Transforming Healthcare: We Need to Get It Right 

It’s a transformative time in healthcare. We’re now deep in the implementation of the Affordable Care Act, which brings with it both the good (increased health insurance coverage) and the bad ($4.5 billion in federal funding cuts for New Jersey hospitals over a 10-year period). The long-term impact is still sorting itself out. 

Today in New Jersey, more residents enjoy the peace of mind that comes with health insurance coverage. That’s a great thing. But I don’t think we can yet declare victory in the fight to end our state’s uninsured problem.

Federal officials say about 250,000 New Jersey residents signed up for healthcare coverage under the ACA this year, but we need some context around those numbers. More than half of those individuals are people who have re-enrolled. And “signed up” does not mean “enrolled.” Those individuals who filled out the online forms must still pay their first month’s premium to be fully enrolled, and the attrition is significant. The actual number of newly covered individuals falls somewhere south of that total.

In our state, most of the newly enrolled individuals signed up for the Medicaid program. I applaud New Jersey for being among the early leaders in embracing Medicaid expansion, but Medicaid presents its own set of challenges, including long backlogs in covering new enrollees. In addition, Medicaid rates to hospitals and physicians are notoriously low. Medicaid payments to hospitals, for example, cover just 70 percent of the actual costs of providing the care. That means a hospital loses money each time it takes care of a Medicaid beneficiary.

Access to physicians is another significant concern under Medicaid. The US Department of Health and Human Services recently released a report showing that only about half of physicians listed as Medicaid providers were willing and available to see a Medicaid patient. In New Jersey, one study found that just 40.4 percent of physicians in the state were accepting new Medicaid patients – the lowest percentage in the nation. If our newly enrolled Medicaid beneficiaries can’t find a doctor, they end up back in the hospital emergency room, rather than giving them a “medical home” where they will receive primary care on an ongoing basis.
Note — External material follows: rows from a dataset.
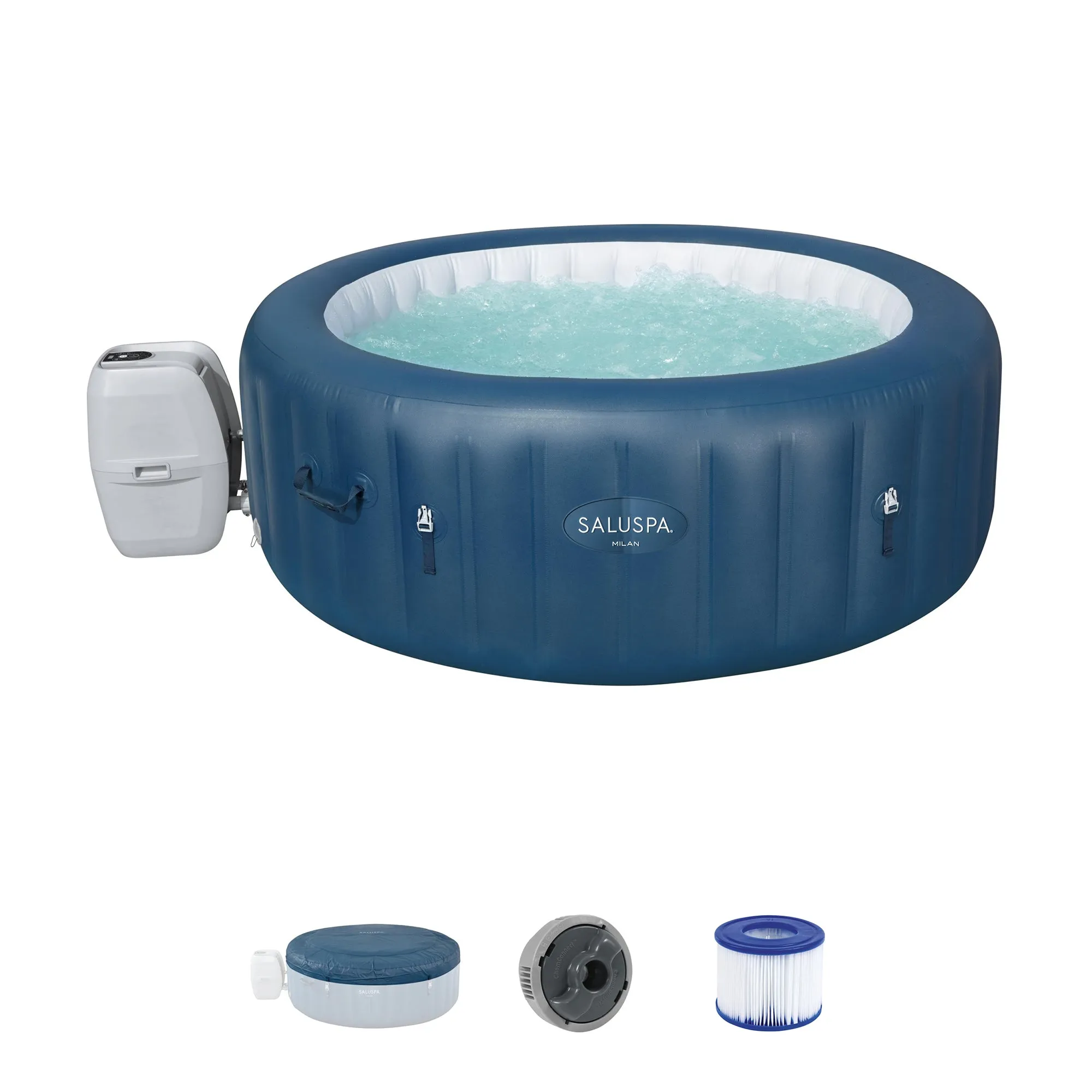 Bestway SaluSpa Milan Airjet Plus Round Inflatable Hot Tub Spa, Blue (Open Box)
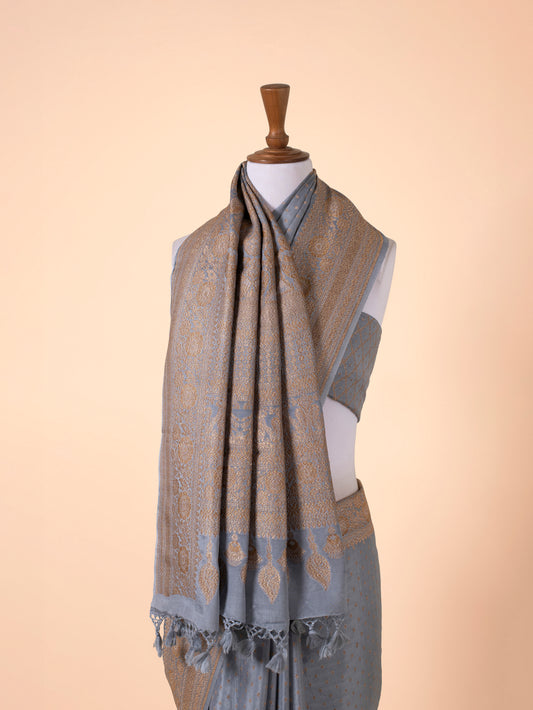 Handwoven Grey Silk Saree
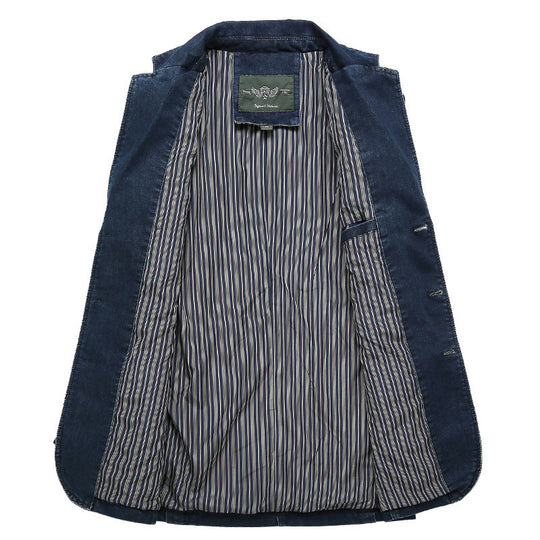 Herren Modische Denim-Blazerjacke Nord Taschen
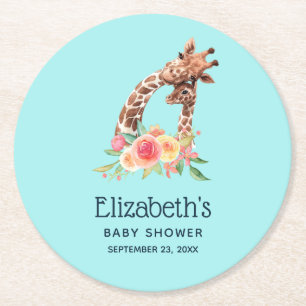 Posavasos Redondo De Papel Cuidada Giraffe Watercolor Mamá y Ducha de Recién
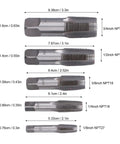 5 Piece NPT Pipe Tap Set In Carbon Steel With Accuracy Ground Threads And Square Shank For Plumbing And Automotive Threading Includes 3/4 1/2 3/8 1/4 And 1/8 Inch Beefy Heavy Duty Tool For Quick Repairs And Long Life. Five carbon steel pipe taps, 3/4 to 1/8 inch, shown with sizes.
The ACA still faces additional legal hurdles, including an appeal before the US Supreme Court that challenges whether states, including New Jersey, that used the federal marketplace for their enrollment are allowed to offer tax subsidies. In New Jersey, about 84 percent of enrollees qualified for subsidies, and their coverage could be jeopardized if those subsidies are shot down. We won’t know the full impact of this issue until the court releases its decision, expected this summer.

And we must not forget the estimated 525,000 undocumented immigrants in New Jersey who are not covered by any of the ACA’s coverage provisions. Our hospitals will continue to provide healthcare services to those individuals – it’s the law, but it’s also part of hospitals’ caring mission.

All told, New Jersey hospitals absorb $2.4 billion in unpaid care in a single year. That includes healthcare services that are unreimbursed by the state’s charity care program, plus the underfunded portions of Medicare and Medicaid that hospitals absorb. It also includes a growing “bad debt” burden as healthcare consumers struggle to cover the rising out-of-pocket costs associated with the growing number of high-deductible health plans.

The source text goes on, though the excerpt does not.